Jacek Sasin: Chcemy wcześniejszych wyborów i rządu z Konfederacją

– My cały czas mówimy, że chcemy wcześniejszych wyborów. Tu się nic nie zmienia. Ten rząd jest rządem fatalnym – powiedział Sasin w Porannej rozmowie w RMF FM.
Polityk PiS ocenił, że obecna większość sejmowa nie daje realnych szans na zmianę władzy, choć „teoretycznie” taki scenariusz jest możliwy.

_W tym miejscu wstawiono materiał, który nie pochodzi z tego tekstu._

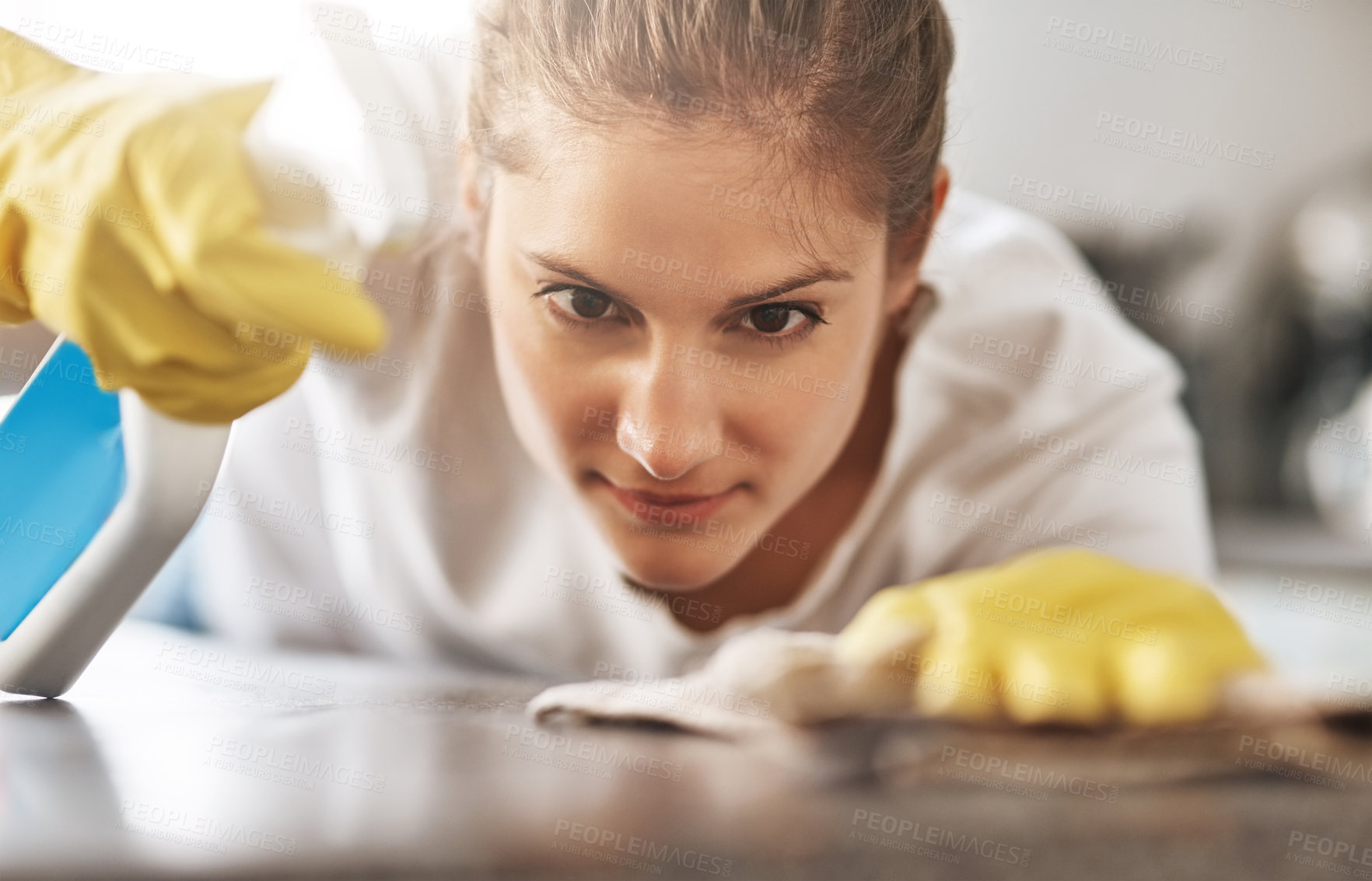 Buy stock photo Cleaning, focus and a woman wiping a table of dust or bacteria for housework. Serious, bottle and a young lady or cleaner spraying a liquid to clean a desk or counter in a house for housekeeping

– Oczywiście, że byśmy chcieli wyborów, bo one dałyby szansę na to, żeby ten fatalny rząd zmienić. Dzisiaj w tym parlamencie wydaje się, że ta szansa jest iluzoryczna (...). Można sobie wyobrazić rząd PiS-u, Konfederacji i na przykład kawałka partii pana marszałka – dodał.
Pakt senacki PiS z Konfederacją coraz bliżej
Jacek Sasin odniósł się też do możliwego porozumienia wyborczego z Konfederacją.

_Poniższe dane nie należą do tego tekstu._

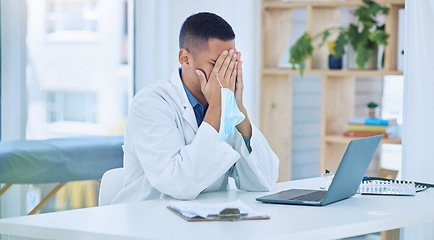 Image showing Covid doctor, tired in office from stress and face mask in hand after writing report on laptop with patient information documents. Coronavirus, medical professional burnout and exhausted from covid19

– Myślę, że to jest prawdopodobne – ocenił, dodając, że relacje między ugrupowaniami wymagają jeszcze uporządkowania.
– My powinniśmy być nawzajem pewni siebie, że po wyborach ani PiS, ani Konfederacja również nie planuje podtrzymania tego układu, który jest dzisiaj w Sejmie, czyli nie planuje koalicji z Donaldem Tuskiem – zaznaczył Sasin.

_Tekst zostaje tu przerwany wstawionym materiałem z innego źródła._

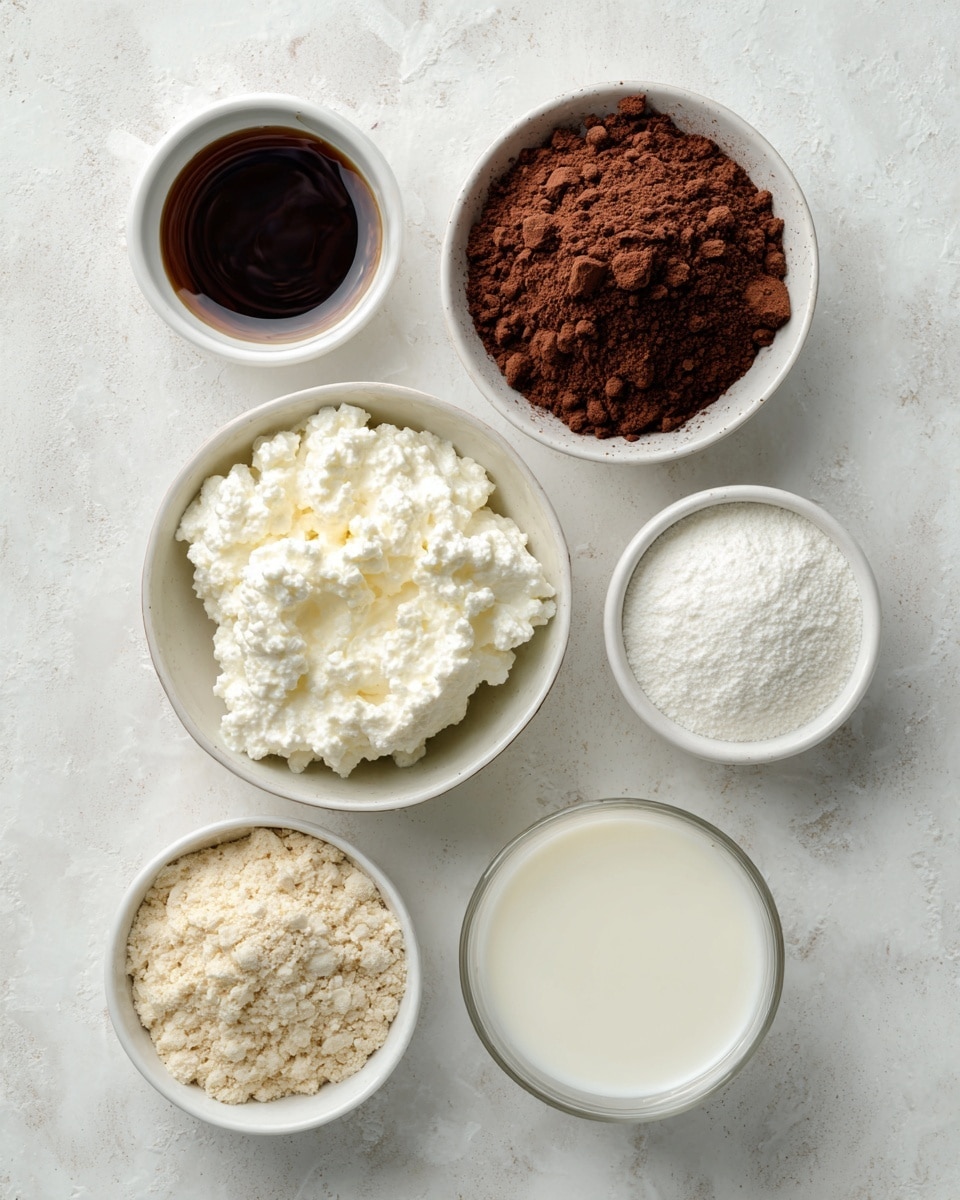 The image shows six small white bowls on a white marbled surface, each containing a different ingredient. In the center is a bowl with creamy white cottage cheese that has a slightly lumpy texture. Above it to the right is a bowl filled with dark brown cocoa powder with a dry, powdery look. To the left of the cocoa is a bowl with a dark liquid labeled vanilla extract. Below the vanilla is a bowl of light beige protein powder with a crumbly texture. To the right of the protein powder is a bowl filled with a fine white sweetener powder. Below the sweetener is a bowl holding smooth white milk. Each ingredient is neatly placed and spaced apart. Photo taken with an iphone --ar 4:5 --v 7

Sasin o nowej pracy Andrzeja Dudy
Były wicepremier został zapytany o decyzję Andrzeja Dudy, który dołączył do rady nadzorczej fintechu ZEN.com.
– A jaki inny jest kierunek? Nie ma w Polsce pomysłu, jak zagospodarować byłych prezydentów w sensie politycznym (...). Były prezydent to ktoś, kto mógłby odegrać potężną rolę, bo ma sieć kontaktów, ma autorytet i rozpoznawalność w świecie – mówił.
– Prezydent Andrzej Duda ma całkiem dobrą pozycję, bo się jakoś negatywnie nie zapisał jako prezydent, a wręcz przeciwnie – dodał polityk PiS.
Hołownia, ambasador i „obrona wyniku wyborów”
Pytany o plotki dotyczące rzekomych planów Szymona Hołowni, który miałby objąć stanowisko ambasadora w USA, Sasin przyznał, że nie wierzy w takie doniesienia.
– Traktuję to jako plotkę. Mam dosyć krytyczną ocenę pana marszałka Hołowni (...). Doceniam jednak jego rolę wtedy, kiedy obronił wynik wyborów prezydenckich – powiedział.
PiS szykuje kongres. W jakim celu?
Na koniec rozmowy polityk PiS odniósł się do zbliżającego się kongresu partii.
– Nie, bo to nie jest taki pomysł, że to jest kongres, na którym mamy prezentować program. My nie przychodzimy na ten kongres z gotowym programem. On ma zainicjować dyskusję programową – tłumaczył. – Widzimy, co trzeba będzie w Polsce naprawić i inicjujemy tym kongresem dyskusję. To ma być taka swoista burza mózgów – dodał Jacek Sasin.